During my recent Cleaning Products Conference presentation, “Making Cents of the Cleaning Products Shopper,” I spoke about some of the strategies and tactics that enable household cleaning and home care manufacturers to successfully identify, target and activate their value-oriented shoppers.
By understanding value shoppers’ behaviors and attitudes, home cleaning product manufacturers can make smarter decisions regarding what products to develop, how to determine assortment, pricing and promotion, and how to reach consumers along the entire path to purchase.
Value continues to remain critical to shoppers of household cleaning products, but delivering on the promise of value is complex. One proven strategy for conveying value is to promise multiple uses. For example, all-purpose cleaners appeal to shoppers since they can save money by purchasing one product rather than several. In fact, the all-purpose cleaner category saw a 22 percent increase in the past year, reaching $1.1 billion in total sales. Positioning cleaning products as sustainable is also an effective way to convey value.
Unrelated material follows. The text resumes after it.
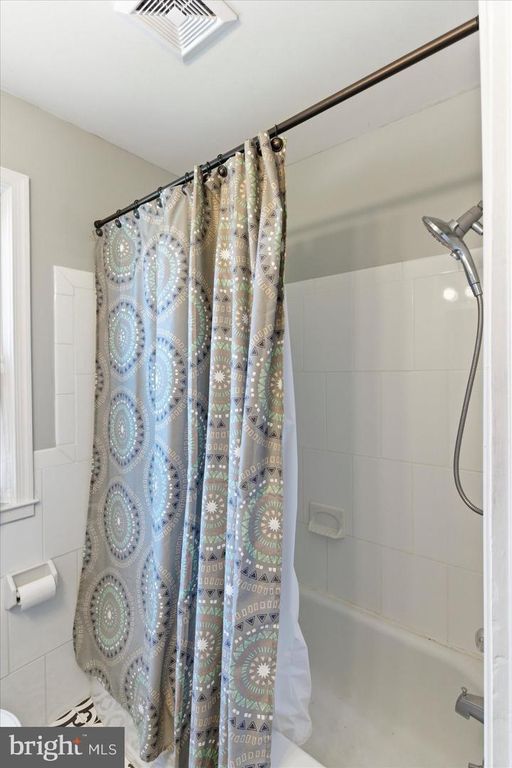 Image 22 of property listing at 8336 EDGEDALE RD, Baltimore, MD 21234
There is plenty of room for innovation in the home cleaning product space, particularly for new products that deliver on three key macro trends: simplicity, wellness and excitement. Two product segments that have delivered on these key trends are laundry prewash additives and drop and go detergents. Laundry prewash additives have had a seven percent increase in sales over the past year, while drop and go detergent had an astounding 22 percent increase in sales.
Making sense – and cents – of the cleaning products shopper begins with conveying value, finding pockets of growth within private label and branded innovation, and gaining a deep understanding of the highest value shoppers. Brands that fully comprehend their best shoppers’ behaviors and mindsets will be ideally positioned to reach their target audiences efficiently and effectively along the path to purchase.